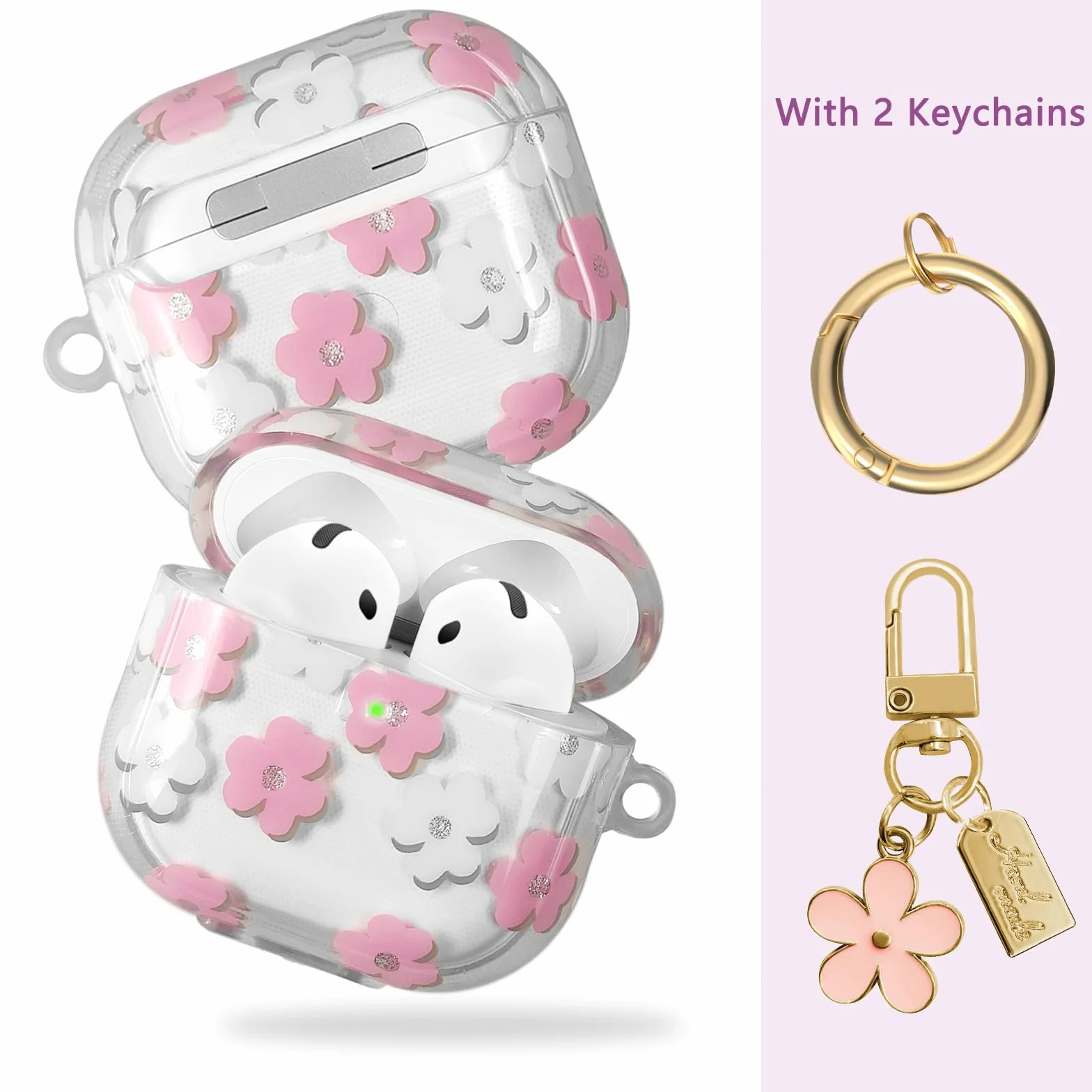 Coque AirPods 4 2024 TPU Souple Motif Floral avec Porte-clés et Kit de Nettoyage Rose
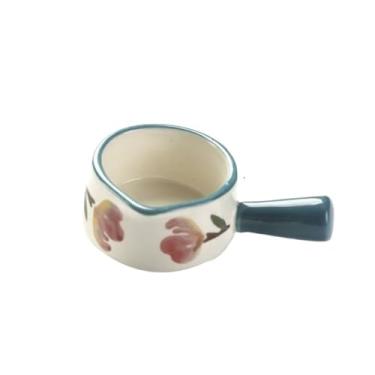 Imagem de Molho de leite pequeno pintado à mão com alça de cerâmica pires de molho de bife ocidental, jarro de leite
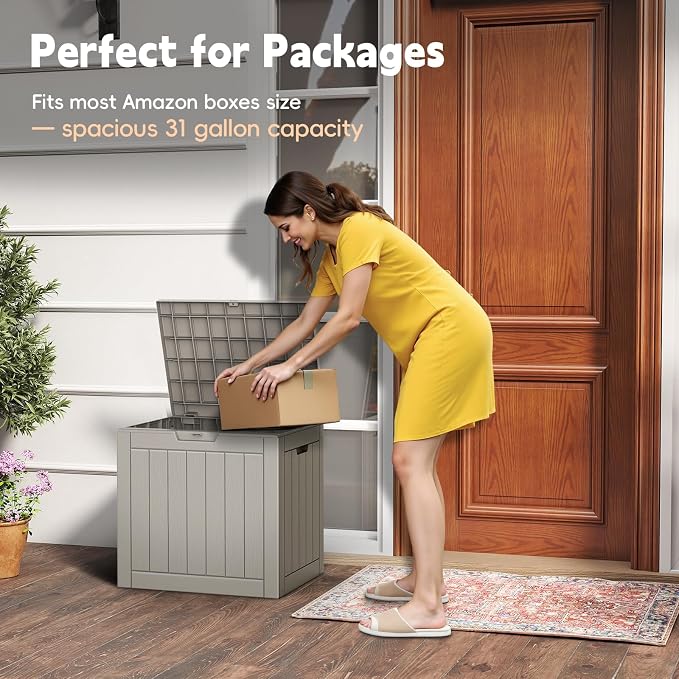 LubanNese Outdoor Storage Box, Waterproof Deck Box, Outdoor Patio Storage Bin, Weatherproof (Grey, 31 Gallon)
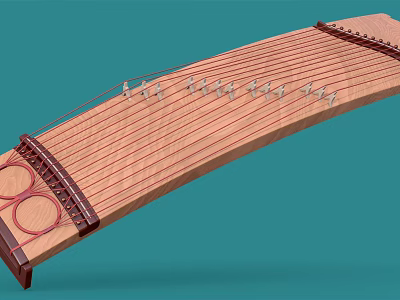Guzheng Traditional Chinese Stringed Instrument with Wooden Structure Strings and Decorative Elements on Blue Background 3d model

* * *

Skip every picture and retype only the lines from the line with "LubanNese Outdoor Storage" through the last line of the listing, both ends included, exactly as they appear.

| Your solution |
 LubanNese Outdoor Storage Box, Waterproof Deck Box, Outdoor Patio Storage Bin, Weatherproof (Grey, 31 Gallon)
Guzheng Traditional Chinese Stringed Instrument with Wooden Structure Strings and Decorative Elements on Blue Background 3d model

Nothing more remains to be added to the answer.